Posted by joshpainter on September 29, 2010

*
We’re talking about the poll that the lamestream media is hyping today as supposedly showing Democrats getting more excited about the midterm elections. You know, the one which allegedly shows that Bill Clinton is the most popular politician in the country and purports that Sarah Palin has lower approval ratings than Harry Reid? Yes, that one. Well, the devil is in the internals, as we always like to say when we’re talking about polls. So here are a few grains of salt that need to be taken with this poll:

FACTUALS: Now I am going to ask you a few questions for statistical purposes only.

QP1a Now, many people we’ve talked with tonight were unable to vote in primary elections this year, how about you, did you vote in a 2010 primary election in your state? (IF “YES,” THEN ASK:) And, did you vote in the
Democratic or Republican Party Primary?+
Yes, voted in a Republican Party Primary …………… 28
Yes, voted in a Democratic Party Primary……………. 33
Yes, voted in an Open Primary (VOL) ……………… 4
No, did not vote in any primaries ……………………….. 34
Not sure …………………………………………………….. 1
+ Results shown reflect responses among registered voters.

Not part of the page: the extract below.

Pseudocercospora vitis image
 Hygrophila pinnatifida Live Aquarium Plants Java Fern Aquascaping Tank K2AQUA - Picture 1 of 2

F1b/c. A lot of people are unable to get out and vote for many reasons. Did you happen to vote in last November’s election for president? (IF “YES,” ASK:) For whom did you vote — Barack Obama, John McCain, or someone else?
Yes, Voted 82
Voted for Barack Obama……………. 41
Voted for John McCain………………. 31
Voted for someone else …………….. 5
Not sure …………………………………. 5
No, Did Not Vote ………………………. 18
Not sure ……………………………….. –

[…]

QF4 Generally speaking, do you think of yourself as (ROTATE:) a Democrat, a Republican, an independent, or something else? (IF “DEMOCRAT” OR “REPUBLICAN,” ASK:) Would you call yourself a strong (Democrat/Republican) or not a very strong (Democrat/Republican)? (IF “NOT SURE,” CODE AS “NOT VERY STRONG DEMOCRAT/REPUBLICAN.”) (IF “INDEPENDENT,” ASK:) Do you think of yourself as closer to the Republican Party, closer to the Democratic Party, or do you think of yourself as strictly independent? (IF “NOT SURE,” CODE AS “STRICTLY INDEPENDENT.”)
Strong Democrat ……………………… 20
Not very strong Democrat ………….. 15
Independent/lean Democrat……….. 8
Strictly Independent ………………….. 13
Independent/lean Republican……… 11
Not very strong Republican………… 12
Strong Republican……………………. 14
Other (VOL) ……………………………. 5
Not sure ……………………………….. 2

[…]

QF9 Do you have any children in pre-school, kindergarten to fifth grade, middle school, or high school currently living in your household? (IF YES, SPECIFY)(ACCEPT ALL THAT APPLY)
Total Yes, PreK-12th Grade 32
Yes, Pre-school……………………………………………… 10
Yes, K-5th grade …………………………………………….. 13
Yes, Middle School…………………………………………. 9
Yes, High school ……………………………………………. 10
Yes, have kids at home out of high school (VOL) .. 3
No, no kids ………………………………………………….. 61
Not sure ……………………………………………………… 4

Okay, let’s get this straight… The sample surveyed for this poll was not limited to likely voters or even registered voters. The poll oversampled Democrat primary voters over Republican primary voters by 5 points and strong Democrats over strong Republicans by 6 points. It sampled Obama voters over McCain voters by 10 points (even though Obama’s actual margin of victory over McCain was 7 points in the 2008 election). And a whopping 61 percent of the people surveyed don’t have any children? Where was this poll conducted, in a singles apartment building in Manhattan?